International Perspectives

The Sydney Institute of Palliative Medicine Registrar Training Program

An Interview with Kristen S. Turner, MB, BS, FAChPM, and J. Norelle Lickiss, MD, FRACP, FRCP (Edin)

[Citation: Turner KS, Lickiss JN. The Sydney Institute of Palliative Medicine registrar training program. Innovations in End-of-Life Care. 2002;4(5): <www.edc.org/lastacts>]

Introduction

The Sydney Institute of Palliative Medicine (SIPM) which began at Royal Prince Alfred Hospital (RPAH) is the academic arm of a cluster of teaching hospital-based palliative care services in Sydney, New South Wales (NSW), Australia. The Institute has several programs: the registrar training program, an international program, a humanities program, and a research program.

The registrar training program is the most developed of these programs and consists of 12 to15 linked training positions in three Area Health Services. The state of NSW is divided into geographic regions; in each region the Area Health Service provides health services for that region's population. Some Area Health Services also provide tertiary level services for residents outside the Area, and RPAH is such a centre. The registrar program started more than 15 years ago with three positions in one Area Health Service, and has gradually evolved to its current configuration.1

In NSW, palliative care is practiced in three main contexts: specialist inpatient units (or freestanding hospices), hospital consultative services that mainly give advice to other specialist teams within the general hospital, and community consultative services that provide advice to general practitioners caring for patients at home or in residential care facilities. In the three Health Areas involved with the SIPM program, the palliative care services are organized on an integrated Area-based model.2,3 In this model, patients may move between home, hospital, or specialist inpatient unit according to their needs and be cared for by the relevant arm of the palliative care service at those locations.

Goals of the Training Program

The goals of the training program are as follows.

  • Offer clinical training for future specialists in palliative medicine.
  • Provide clinical training for a variety of other doctors, in the hope that their training will make a long-term impact on the quality of end-of-life care that they provide.
  • Assist the individual trainee to realize his or her potential as a palliative medicine doctor, whatever the future context of his or her practice.

Types of Trainees

The program is mainly aimed at doctors in postgraduate years (PGY) 4-8; such trainees are called "registrars" in Australia. Prior to 2000, the only formal clinical training in palliative medicine available for those not specializing in internal medicine in Australia was the 2 to 3 year SIPM certificate program. An external examiner, usually Professor Geoffrey W. Hanks from the United Kingdom, assisted in assessment of trainees completing this certificate.

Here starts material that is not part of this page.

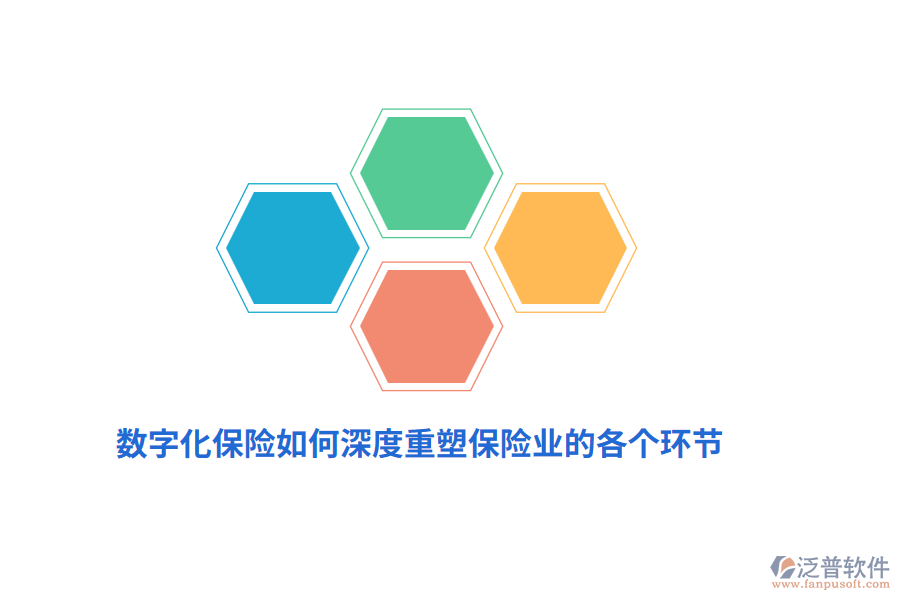 數(shù)字化保險如何深度重塑保險業(yè)的各個環(huán)節(jié)？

Doctors wishing to specialize in palliative medicine in Australia may now do so in two ways. One method is by specializing in internal medicine and pursuing a three-year subspecialty program in palliative medicine within the Royal Australasian College of Physicians (RACP). This subspecialty has been in existence for more than a decade. The other option has only come about in the last two years; it is now possible to undertake three years of advanced training with the Australasian Chapter of Palliative Medicine after obtaining a fellowship from another college, such as the College of General Practitioners or from another clinical specialty.

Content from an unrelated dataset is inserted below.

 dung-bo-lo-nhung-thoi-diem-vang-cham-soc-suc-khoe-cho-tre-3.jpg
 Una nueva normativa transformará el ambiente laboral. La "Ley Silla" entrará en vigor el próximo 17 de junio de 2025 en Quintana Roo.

A variety of trainees are included in the SIPM program, which features and welcomes professional, ethnic, and cultural diversity. Represented are career palliative medicine trainees from both training tracks, trainees in other specialties of internal medicine (e.g., medical oncology, geriatrics, respiratory medicine), and trainees of other specialties, such as radiation oncology, pain medicine, and family medicine. Other unaccredited trainees are accepted during most years for skills enhancement. The registrar program also attracts trainees from outside Australia who are planning a career in palliative medicine.

At most of the hospitals within the program, there are also other Junior Medical Officer (JMO) positions in palliative medicine, available as one choice in a series of three-month rotations through various specialties. These include Resident Medical Officer posts (PGY 2 & 3) and Medical Registrar positions (PGY 3-5 streamed in internal medicine). These JMOs are given clinical instruction and are welcome to attend the formal teaching program. Many of the doctors applying for the registrar program will have had some experience as a JMO in a palliative medicine post. Such experience is often the basis of a decision to follow palliative medicine as a career.

Description of the Training

Training occurs in the three main service contexts with three main types of rotations: specialist inpatient units, hospital consultative services, and community consultative services. In addition, there is a more specialized term involving pediatric and gynecological oncology and the opportunity for career palliative medicine trainees to rotate through a hospital pain service. Trainees rotate through successive placements every three to six months and stay within the program for periods varying from six months to several years. Care is taken to individualize each trainee's program as far as possible within service requirements. Career palliative medicine trainees in Australia are required to spend at least six months in each of the three major service contexts. Trainees preparing for hospital-based practice usually have a higher ratio of terms in hospital consultative services, and those preparing for community-based careers more community terms. Family medicine trainees usually train for three months in an inpatient unit, followed by three months in a community consultative service.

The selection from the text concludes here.